RECORDS PROVIDED START

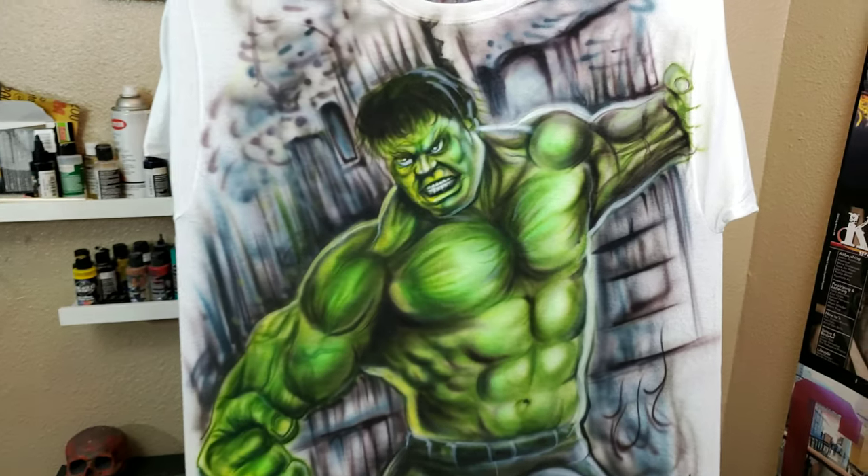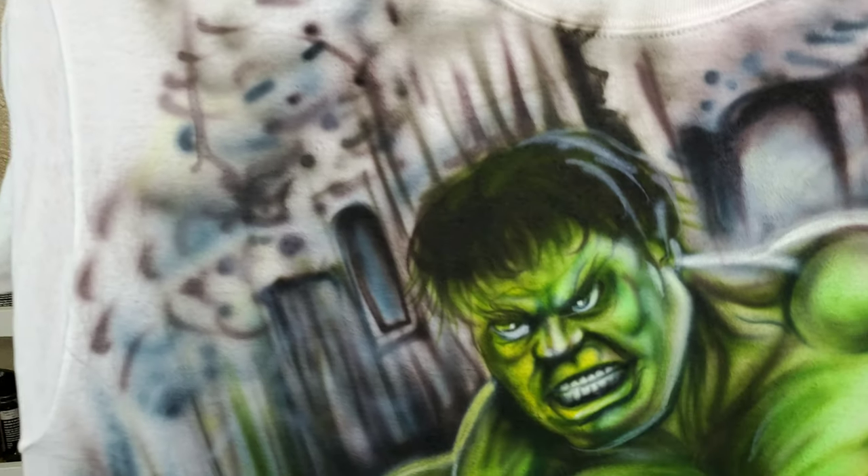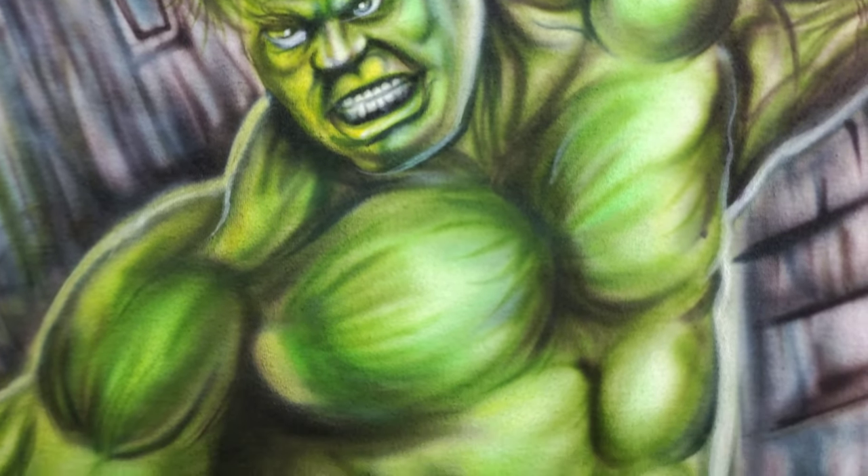Hey guys, it's Diego Diablo from LinusPaint.com and I just finished working on the Hulk shirt from last night. This is the stream. I added all the details in his face, in the muscles, in his eyes.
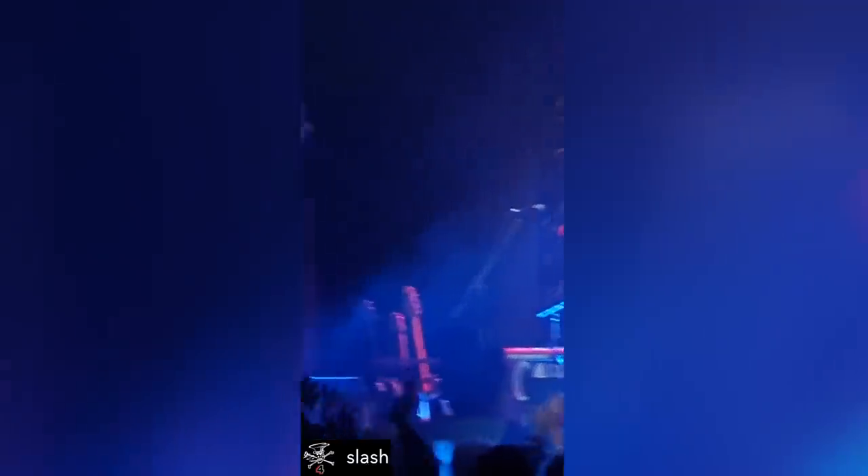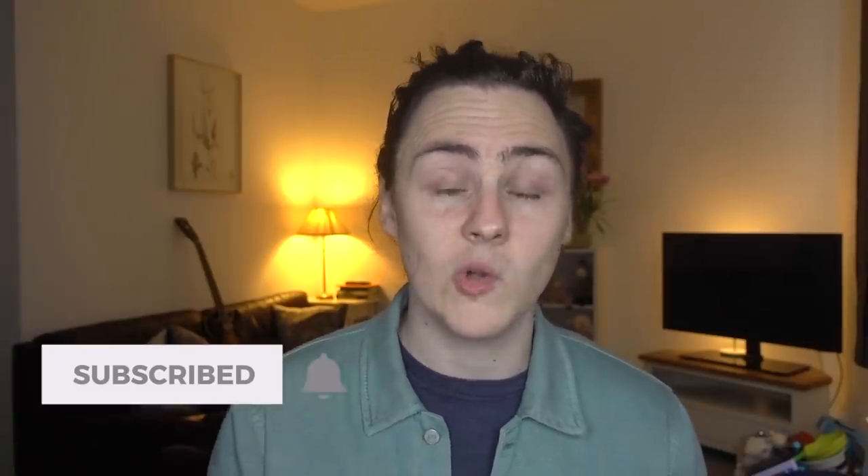Last week, Slash was kind enough to repost a video to his social media pages. It's a solo from a Cardinal Black track called Tied Up In Blue that was shot here in the UK at a festival called Winter's End that we played last month.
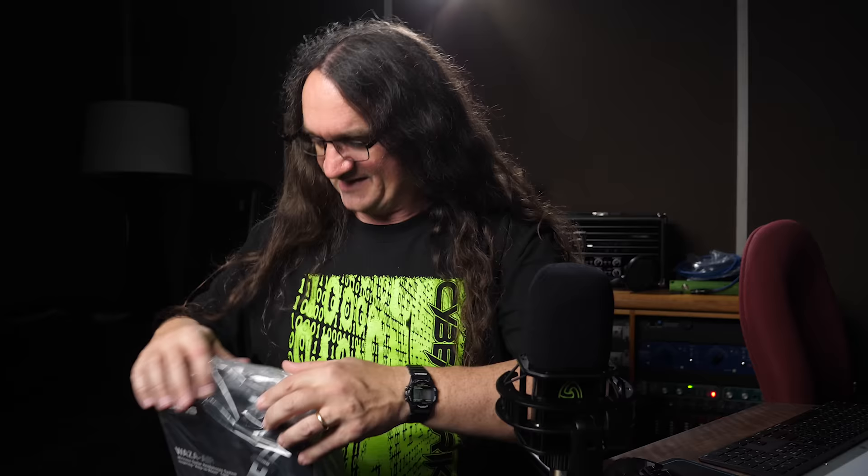Look at this warning: do not leave this plastic bag within reach of infants, small children, or bass players. Let's crack it open and see what we get. Waza Air wireless guitar headphone system — inspiring amp in the room tone. This is kind of neat. Now I have no idea how I'm going to be able to demo the sound coming off of this onto something you guys can actually hear, so you might just have to take my word for it.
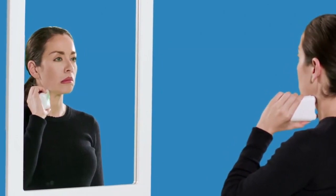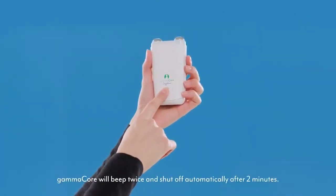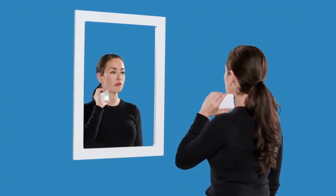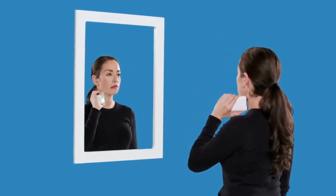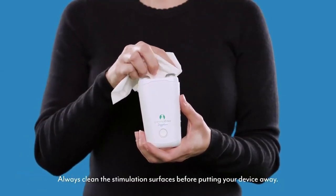After the stimulation is complete, your device will turn off automatically or you may turn it off by pressing and holding the power button. Perform your first few stimulations in front of a mirror to get a better feel for using GammaCore and to ensure you are correctly delivering the stimulation and to see the lip pull. After each stimulation, thoroughly clean the gel off the stimulation surfaces and off your neck. Reapply fresh gel before each stimulation.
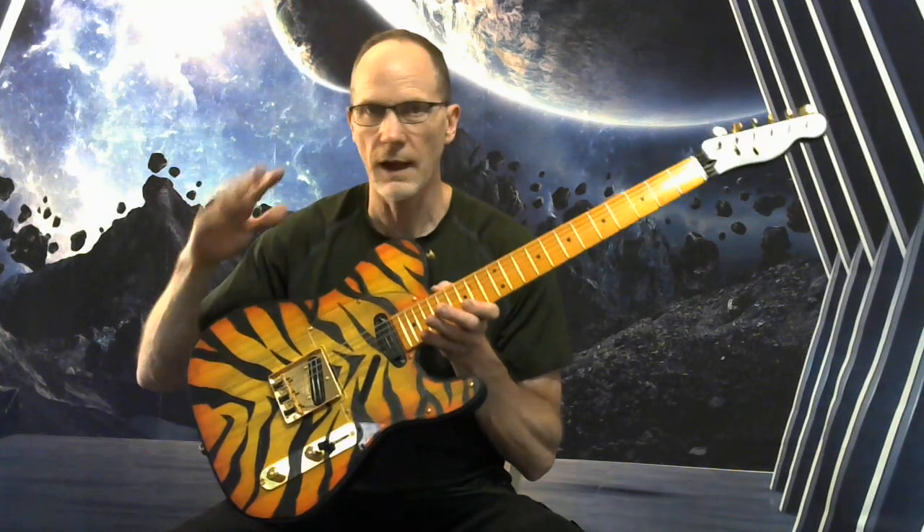Two string trees with the easy glide, so they're not going to catch on the strings — it's going to glide really nice.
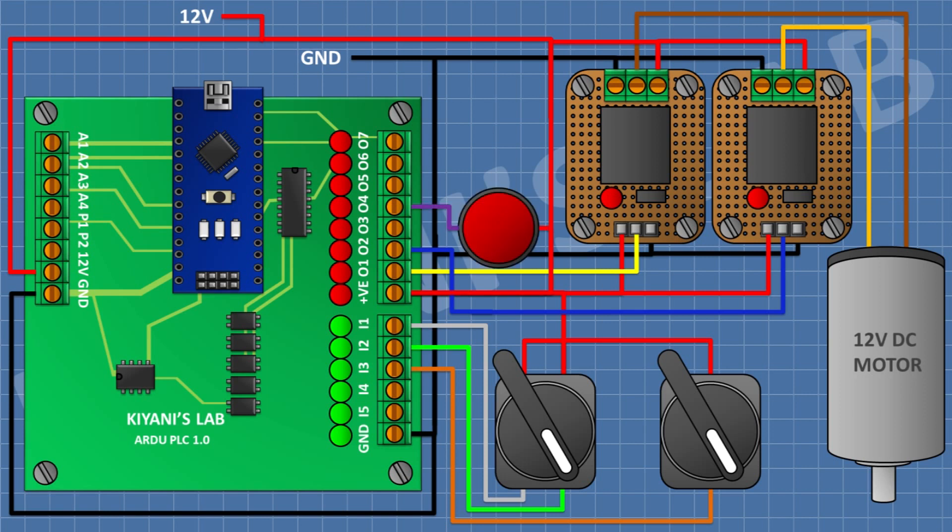After that I'm gonna connect an indicator and connect its one pin to positive supply and its other pin to output four of the PLC.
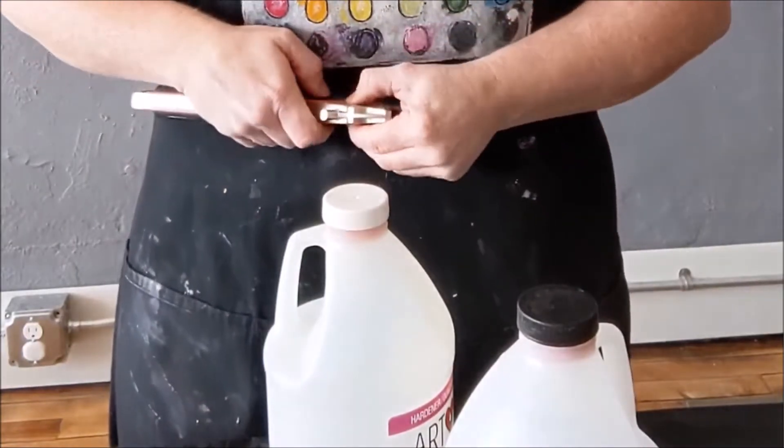I wanted to show you some resin today, except I can't — they're stuck. I googled what you're supposed to do, and the Art Resin website actually has something that says you're supposed to cut the bottles open and then pour the contents into a different bottle that can seal. There's a lot in there. I don't really know what to do; we'll see if this works.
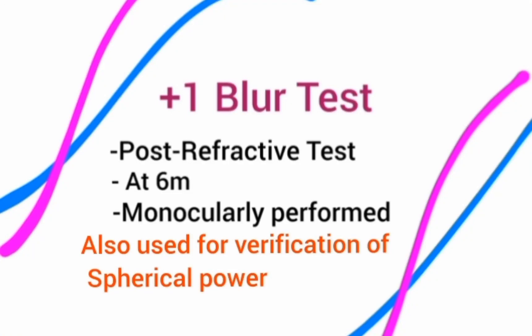Today we are going to discuss the Plus 1 Blur Test. As already mentioned, it is a post-refraction test — similar to the Duochrome test. It is performed at 6 meters and monocularly. The 6-meter distance is used because the spherical correction of the patient was done at the same distance, so we verify that spherical power at the same distance.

RECORDS PROVIDED END

▶ **AIM OF THE TASK**
Starting at the line above that holds "Last week, Slash", return each line up to and including the one that holds "I wanted to", exactly as written, minus any pictures.

▶ **ANSWER FOR THE TASK**
Last week, Slash was kind enough to repost a video to his social media pages. It's a solo from a Cardinal Black track called Tied Up In Blue that was shot here in the UK at a festival called Winter's End that we played last month.
Look at this warning: do not leave this plastic bag within reach of infants, small children, or bass players. Let's crack it open and see what we get. Waza Air wireless guitar headphone system — inspiring amp in the room tone. This is kind of neat. Now I have no idea how I'm going to be able to demo the sound coming off of this onto something you guys can actually hear, so you might just have to take my word for it.
After the stimulation is complete, your device will turn off automatically or you may turn it off by pressing and holding the power button. Perform your first few stimulations in front of a mirror to get a better feel for using GammaCore and to ensure you are correctly delivering the stimulation and to see the lip pull. After each stimulation, thoroughly clean the gel off the stimulation surfaces and off your neck. Reapply fresh gel before each stimulation.
Two string trees with the easy glide, so they're not going to catch on the strings — it's going to glide really nice.
After that I'm gonna connect an indicator and connect its one pin to positive supply and its other pin to output four of the PLC.
I wanted to show you some resin today, except I can't — they're stuck. I googled what you're supposed to do, and the Art Resin website actually has something that says you're supposed to cut the bottles open and then pour the contents into a different bottle that can seal. There's a lot in there. I don't really know what to do; we'll see if this works.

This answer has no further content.